Lynch jumps into the character of Cindy Martin — a kind of Kathie Lee Gifford on steroids — with particular gusto. She is teamed up this time with Fred Willard, who plays her Hollywood Now co-anchor Chuck Porter.

“That relationship is kind of interesting,” says Guest. “Anyone working with Fred Willard has a task.” He laughs. “It's hard to describe what that force is in Fred. Jane is one of the few people that can stand up to Fred Willard's world, which is another world from the one you and I know. She is incredibly smart and funny and can deal with that. I said to her, ‘He is this really abrasive guy and a buffoon, and you are really going to need to be able to hold your own.' And she did.”

The characters of co-anchors Cindy and Chuck offer a wicked take on the patronizing, superficial and supercilious nature of today's entertainment media. They use their gossipy TV show to fan the flames of public interest in the possibly “hit” film Home for Purim, and as awards fever grips everyone in the film's production, pre-Oscar nomination tensions rise. Longtime relationships within the film team become strained. Will any of the hopefuls in Home for Purim receive a much-coveted, life-changing award nomination?

As with all Christopher Guest's films, much of the fun of For Your Consideration is seeing his now familiar stable of character actors take to their various roles. Unlike Guest's previous films (Waiting for Guffman, Best in Show, A Mighty Wind), For Your Consideration is not a mockumentary but a narrative, although there is still plenty of improvisation from its cast members.

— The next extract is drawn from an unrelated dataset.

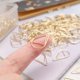 thumbnail image 4 of sujetapapeles DEEDYGO Gold Teardrop de acero inoxidable, 250 unidades, 4 of 6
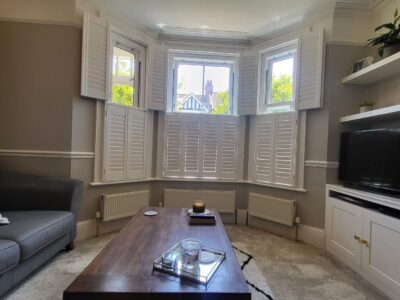 Shaped shutters on an arched window installed by JV Blinds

By far the funniest and most entertaining moments in For Your Consideration come in the Home for Purim filmmaking scenes. The cast brilliantly parodies that kind of 1940s acting style that relies heavily on stylistic line delivery. Actor Bob Balaban, who plays Purim screenwriter Philip Koontz, says, “It's funny, but it's not funny because anybody's exaggerating something. It's just funny by tilting it a few degrees. It kind of looks like Donna Reed lives there.”

In the hands of Home for Purim 's all-too-human team of D-list screenwriters, director, crew, publicists, agents, producers and actors, the film becomes a laughable throwback to Hollywood's Golden Age of hammy acting, overstylized film noir camera work and overbaked plot devices. The Pischers are a typical, old-world Jewish family through and through, but their home is set in the Deep South and oddly, everyone in the family speaks with a Southern drawl.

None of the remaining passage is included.